Work required:
The data that follows should be copied out exactly.

Information given:
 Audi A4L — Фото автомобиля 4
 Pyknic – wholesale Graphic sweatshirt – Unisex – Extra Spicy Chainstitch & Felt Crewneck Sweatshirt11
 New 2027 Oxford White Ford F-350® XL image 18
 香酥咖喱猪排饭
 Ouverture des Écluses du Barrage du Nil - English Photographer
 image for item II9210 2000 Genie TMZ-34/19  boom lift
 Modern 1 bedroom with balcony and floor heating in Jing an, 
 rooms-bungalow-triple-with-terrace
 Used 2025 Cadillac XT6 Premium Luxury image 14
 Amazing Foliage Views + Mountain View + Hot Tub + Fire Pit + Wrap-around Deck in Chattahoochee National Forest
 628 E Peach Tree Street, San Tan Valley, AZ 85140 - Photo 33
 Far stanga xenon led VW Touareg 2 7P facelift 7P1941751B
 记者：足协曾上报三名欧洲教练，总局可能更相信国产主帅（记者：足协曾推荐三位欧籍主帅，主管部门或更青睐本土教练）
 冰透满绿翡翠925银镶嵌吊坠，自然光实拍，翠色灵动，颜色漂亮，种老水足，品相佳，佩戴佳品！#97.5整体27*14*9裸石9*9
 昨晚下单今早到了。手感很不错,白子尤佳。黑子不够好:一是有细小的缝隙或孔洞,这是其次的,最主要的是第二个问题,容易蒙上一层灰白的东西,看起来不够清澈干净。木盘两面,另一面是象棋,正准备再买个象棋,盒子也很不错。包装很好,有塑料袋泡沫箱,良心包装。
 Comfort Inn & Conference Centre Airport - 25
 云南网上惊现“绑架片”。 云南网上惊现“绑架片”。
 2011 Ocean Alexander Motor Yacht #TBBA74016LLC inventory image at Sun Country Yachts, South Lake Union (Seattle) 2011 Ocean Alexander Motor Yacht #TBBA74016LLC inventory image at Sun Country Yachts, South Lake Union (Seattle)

Expected answer:
 Audi A4L — Фото автомобиля 4
 Pyknic – wholesale Graphic sweatshirt – Unisex – Extra Spicy Chainstitch & Felt Crewneck Sweatshirt11
 New 2027 Oxford White Ford F-350® XL image 18
 香酥咖喱猪排饭
 Ouverture des Écluses du Barrage du Nil - English Photographer
 image for item II9210 2000 Genie TMZ-34/19  boom lift
 Modern 1 bedroom with balcony and floor heating in Jing an, 
 rooms-bungalow-triple-with-terrace
 Used 2025 Cadillac XT6 Premium Luxury image 14
 Amazing Foliage Views + Mountain View + Hot Tub + Fire Pit + Wrap-around Deck in Chattahoochee National Forest
 628 E Peach Tree Street, San Tan Valley, AZ 85140 - Photo 33
 Far stanga xenon led VW Touareg 2 7P facelift 7P1941751B
 记者：足协曾上报三名欧洲教练，总局可能更相信国产主帅（记者：足协曾推荐三位欧籍主帅，主管部门或更青睐本土教练）
 冰透满绿翡翠925银镶嵌吊坠，自然光实拍，翠色灵动，颜色漂亮，种老水足，品相佳，佩戴佳品！#97.5整体27*14*9裸石9*9
 昨晚下单今早到了。手感很不错,白子尤佳。黑子不够好:一是有细小的缝隙或孔洞,这是其次的,最主要的是第二个问题,容易蒙上一层灰白的东西,看起来不够清澈干净。木盘两面,另一面是象棋,正准备再买个象棋,盒子也很不错。包装很好,有塑料袋泡沫箱,良心包装。
 Comfort Inn & Conference Centre Airport - 25
 云南网上惊现“绑架片”。 云南网上惊现“绑架片”。
 2011 Ocean Alexander Motor Yacht #TBBA74016LLC inventory image at Sun Country Yachts, South Lake Union (Seattle) 2011 Ocean Alexander Motor Yacht #TBBA74016LLC inventory image at Sun Country Yachts, South Lake Union (Seattle)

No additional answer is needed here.